Ce livre est également disponible en français.
Created by Victim/Witness Assistance Program, Ministry of the Attorney General
Hi, I'm Yasmin. My friends Alex and Teresa and I have an important job to do. Just like you. We have to go to court and tell the judge about something. Maybe it's something we saw or heard. Maybe it's something that happened to us. Whatever it is, telling the judge about it makes us witnesses. By reading this book, we'll learn about being witnesses. Together we'll think of questions to ask that can make our job easier. We'll also find out about court and the people who work there.
In most towns and cities, there is a building called a courthouse. It's a place where judges, and sometimes juries, decide if someone has broken the law.
A lot happens before people get to court. First there is a complaint. That's when someone speaks to the police and accuses another person of breaking the law. Then there is an interview, which is a meeting with the police or Crown. Next, a charge is laid, which means the police believe the accused person has broken one or more laws. Finally, there is a trial. A trial is a hearing that takes place when the accused pleads "not guilty" and witnesses (like you!) are required to come to court to give evidence.

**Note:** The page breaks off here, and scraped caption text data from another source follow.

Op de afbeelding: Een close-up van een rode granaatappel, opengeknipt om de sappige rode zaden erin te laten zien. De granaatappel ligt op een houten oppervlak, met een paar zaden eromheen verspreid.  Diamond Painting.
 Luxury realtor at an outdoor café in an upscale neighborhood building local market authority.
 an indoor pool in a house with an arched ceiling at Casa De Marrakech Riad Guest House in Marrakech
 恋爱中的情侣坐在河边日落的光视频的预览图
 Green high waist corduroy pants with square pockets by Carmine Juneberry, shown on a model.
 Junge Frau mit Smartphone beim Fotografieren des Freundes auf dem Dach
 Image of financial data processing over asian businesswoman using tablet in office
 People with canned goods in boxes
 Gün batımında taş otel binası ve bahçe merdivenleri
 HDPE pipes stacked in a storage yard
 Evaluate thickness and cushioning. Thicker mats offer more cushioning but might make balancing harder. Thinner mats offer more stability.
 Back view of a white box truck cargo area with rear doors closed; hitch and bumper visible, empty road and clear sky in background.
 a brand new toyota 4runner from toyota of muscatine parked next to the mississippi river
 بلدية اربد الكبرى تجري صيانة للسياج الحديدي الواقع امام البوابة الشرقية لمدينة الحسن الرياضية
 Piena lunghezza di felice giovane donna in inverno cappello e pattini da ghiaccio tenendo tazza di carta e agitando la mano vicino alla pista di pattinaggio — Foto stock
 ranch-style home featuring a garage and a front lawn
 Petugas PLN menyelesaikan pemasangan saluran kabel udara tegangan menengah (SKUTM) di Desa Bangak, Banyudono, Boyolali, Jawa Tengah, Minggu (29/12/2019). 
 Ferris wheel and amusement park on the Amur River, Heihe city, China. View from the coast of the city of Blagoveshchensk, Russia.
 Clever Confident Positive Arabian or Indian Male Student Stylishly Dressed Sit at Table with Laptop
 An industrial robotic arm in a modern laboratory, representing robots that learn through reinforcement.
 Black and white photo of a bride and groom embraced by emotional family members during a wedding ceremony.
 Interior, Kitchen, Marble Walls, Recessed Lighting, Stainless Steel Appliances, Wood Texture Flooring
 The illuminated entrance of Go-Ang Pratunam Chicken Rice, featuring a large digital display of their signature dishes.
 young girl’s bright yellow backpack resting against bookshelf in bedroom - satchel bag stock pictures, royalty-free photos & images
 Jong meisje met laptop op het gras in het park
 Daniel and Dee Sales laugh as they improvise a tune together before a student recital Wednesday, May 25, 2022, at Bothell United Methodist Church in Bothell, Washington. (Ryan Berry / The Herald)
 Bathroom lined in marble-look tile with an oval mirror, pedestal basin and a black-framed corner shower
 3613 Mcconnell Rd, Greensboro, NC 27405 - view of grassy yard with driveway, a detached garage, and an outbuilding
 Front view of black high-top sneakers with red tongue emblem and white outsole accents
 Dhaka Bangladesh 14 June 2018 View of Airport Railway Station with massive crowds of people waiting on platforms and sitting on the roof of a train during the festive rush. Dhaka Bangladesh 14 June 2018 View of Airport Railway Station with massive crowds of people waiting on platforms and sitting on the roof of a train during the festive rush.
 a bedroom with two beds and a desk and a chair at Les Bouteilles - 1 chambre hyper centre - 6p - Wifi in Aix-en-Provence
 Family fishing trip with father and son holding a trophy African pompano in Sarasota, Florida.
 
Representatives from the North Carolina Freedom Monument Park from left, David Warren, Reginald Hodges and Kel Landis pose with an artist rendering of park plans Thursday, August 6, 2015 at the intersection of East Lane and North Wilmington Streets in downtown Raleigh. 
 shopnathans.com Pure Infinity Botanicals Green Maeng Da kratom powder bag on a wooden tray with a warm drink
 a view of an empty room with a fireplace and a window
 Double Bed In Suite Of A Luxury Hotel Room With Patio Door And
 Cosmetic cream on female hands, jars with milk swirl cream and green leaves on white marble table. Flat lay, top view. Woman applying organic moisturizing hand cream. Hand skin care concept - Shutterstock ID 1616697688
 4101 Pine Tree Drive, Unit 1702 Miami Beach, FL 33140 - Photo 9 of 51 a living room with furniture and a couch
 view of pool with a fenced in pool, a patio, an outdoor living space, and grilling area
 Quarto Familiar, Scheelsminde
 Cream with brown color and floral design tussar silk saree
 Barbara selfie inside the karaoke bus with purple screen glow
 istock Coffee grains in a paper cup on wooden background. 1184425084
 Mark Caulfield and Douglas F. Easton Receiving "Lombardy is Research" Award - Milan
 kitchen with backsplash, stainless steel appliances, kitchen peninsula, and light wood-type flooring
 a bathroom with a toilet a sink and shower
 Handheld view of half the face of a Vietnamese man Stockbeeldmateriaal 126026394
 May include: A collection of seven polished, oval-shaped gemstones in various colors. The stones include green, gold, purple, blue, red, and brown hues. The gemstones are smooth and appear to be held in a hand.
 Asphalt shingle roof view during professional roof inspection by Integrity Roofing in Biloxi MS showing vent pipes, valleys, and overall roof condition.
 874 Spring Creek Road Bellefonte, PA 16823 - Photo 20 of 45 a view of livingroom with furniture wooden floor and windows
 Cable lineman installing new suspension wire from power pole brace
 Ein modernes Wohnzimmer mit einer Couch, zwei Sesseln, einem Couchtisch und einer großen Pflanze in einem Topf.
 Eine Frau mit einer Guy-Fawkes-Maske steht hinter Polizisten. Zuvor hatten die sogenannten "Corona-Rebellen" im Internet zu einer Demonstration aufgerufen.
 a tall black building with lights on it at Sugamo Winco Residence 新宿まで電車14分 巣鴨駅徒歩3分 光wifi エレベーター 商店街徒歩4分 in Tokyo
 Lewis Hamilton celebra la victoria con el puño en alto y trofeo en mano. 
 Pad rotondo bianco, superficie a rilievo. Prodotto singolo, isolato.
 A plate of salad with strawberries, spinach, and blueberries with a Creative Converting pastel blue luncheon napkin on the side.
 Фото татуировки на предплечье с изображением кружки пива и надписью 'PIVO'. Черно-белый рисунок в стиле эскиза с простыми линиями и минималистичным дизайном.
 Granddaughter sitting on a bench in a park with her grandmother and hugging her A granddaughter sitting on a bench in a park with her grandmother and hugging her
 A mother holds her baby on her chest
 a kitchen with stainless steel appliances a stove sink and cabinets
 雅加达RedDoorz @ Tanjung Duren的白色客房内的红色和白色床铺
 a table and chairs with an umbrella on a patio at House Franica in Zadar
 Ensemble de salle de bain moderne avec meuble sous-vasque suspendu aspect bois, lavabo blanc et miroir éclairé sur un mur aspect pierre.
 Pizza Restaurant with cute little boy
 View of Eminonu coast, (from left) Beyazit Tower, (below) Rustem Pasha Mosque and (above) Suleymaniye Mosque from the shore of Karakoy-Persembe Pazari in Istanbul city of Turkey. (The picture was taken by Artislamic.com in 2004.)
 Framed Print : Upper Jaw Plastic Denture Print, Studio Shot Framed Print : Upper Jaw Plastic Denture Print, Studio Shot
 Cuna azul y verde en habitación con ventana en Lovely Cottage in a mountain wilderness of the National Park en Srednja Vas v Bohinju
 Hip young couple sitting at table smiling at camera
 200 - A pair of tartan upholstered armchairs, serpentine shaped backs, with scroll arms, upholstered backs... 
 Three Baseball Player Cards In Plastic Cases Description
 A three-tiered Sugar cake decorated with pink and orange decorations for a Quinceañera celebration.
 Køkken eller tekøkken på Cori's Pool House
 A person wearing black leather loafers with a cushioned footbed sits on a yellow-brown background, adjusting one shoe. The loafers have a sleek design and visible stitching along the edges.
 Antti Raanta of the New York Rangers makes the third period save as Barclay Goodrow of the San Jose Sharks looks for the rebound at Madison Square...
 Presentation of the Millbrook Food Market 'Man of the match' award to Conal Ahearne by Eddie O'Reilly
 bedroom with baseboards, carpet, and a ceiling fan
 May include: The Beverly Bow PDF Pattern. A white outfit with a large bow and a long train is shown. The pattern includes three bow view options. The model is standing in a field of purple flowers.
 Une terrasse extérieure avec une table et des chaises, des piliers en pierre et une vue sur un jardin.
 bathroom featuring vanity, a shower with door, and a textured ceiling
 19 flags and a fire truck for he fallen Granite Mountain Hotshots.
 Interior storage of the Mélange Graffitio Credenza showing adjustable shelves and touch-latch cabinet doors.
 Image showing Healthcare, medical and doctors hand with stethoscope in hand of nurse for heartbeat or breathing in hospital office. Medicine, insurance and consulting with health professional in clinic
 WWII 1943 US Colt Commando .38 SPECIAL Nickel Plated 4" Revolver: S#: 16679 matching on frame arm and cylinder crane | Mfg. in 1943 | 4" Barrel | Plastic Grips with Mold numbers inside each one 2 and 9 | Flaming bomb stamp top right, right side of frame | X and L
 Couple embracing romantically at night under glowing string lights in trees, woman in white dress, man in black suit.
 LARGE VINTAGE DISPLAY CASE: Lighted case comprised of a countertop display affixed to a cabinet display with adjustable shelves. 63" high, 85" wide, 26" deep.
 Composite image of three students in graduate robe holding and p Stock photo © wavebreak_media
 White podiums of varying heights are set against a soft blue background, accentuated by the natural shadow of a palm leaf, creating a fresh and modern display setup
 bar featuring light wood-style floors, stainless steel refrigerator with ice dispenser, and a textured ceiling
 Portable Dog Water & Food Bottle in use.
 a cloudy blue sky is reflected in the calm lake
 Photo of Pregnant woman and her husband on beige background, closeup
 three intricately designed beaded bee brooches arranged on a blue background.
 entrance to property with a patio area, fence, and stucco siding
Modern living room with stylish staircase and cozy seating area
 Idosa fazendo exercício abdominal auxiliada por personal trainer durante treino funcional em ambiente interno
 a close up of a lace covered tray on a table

Dress to be neat and comfortable. Eat a snack. Go to the washroom.
It is the judge's job to listen carefully to everything that everyone says in court. The judge decides whether or not a law has been broken. The judge sits at the front of the courtroom and he or she may ask you some questions. One of the questions you may be asked is, "Do you promise to tell the truth?"
The Crown Attorney helps us to do our job as witnesses. The Crown does this by asking us questions so that the judge can listen to the answers. Sometimes the Crown wears a robe for court. You may hear the Crown Attorney call the defence lawyer "my friend" when they talk in court. This does not mean that they are friends like you and your friends are, it is just what they call each other to show respect.
The accused is the person who the police have charged with breaking the law.
The defence lawyer's job is to help the accused. After the Crown has finished asking you questions, the defence lawyer will have a chance to ask you some questions as well. Sometimes when you're talking, the defence lawyer may stand up and interrupt you to talk to the judge. Don't worry. You haven't done anything wrong and no one is angry at you. All you need to do is stop talking and wait until the judge or the Crown asks you to go on.
The clerk of the court's job is to help the judge. When the judge comes in, the clerk says, "All rise." That means everybody must stand up. The clerk reads out the charge at the beginning of the trial to let everyone know which laws the accused has been charged with breaking. The clerk may ask you if you promise to tell the truth. If you agree to tell the truth, say "I do."
The Victim/Witness Services Worker is there to help you learn all about court and being a witness. He or she will help you feel more comfortable and explain some of the activities that may happen in the courtroom. You can ask the Victim/Witness Services Worker questions about being a witness.
The court reporter's job is to record what everyone says in the courtroom. We can make the court reporter's job easier if we speak loudly and slowly. It's okay to take our time. If we mean yes or no, we should always say the words and not just shake our heads.
A witness is a very important person in court. Our job as witnesses is to listen to questions and to give answers for the judge to hear. This is called giving evidence. The most important thing about being a witness is telling the truth.
If you don't understand what people are asking, say "I don't understand." If they repeat it and you still don't know what they mean, ask them to say it in a different way or an easier way.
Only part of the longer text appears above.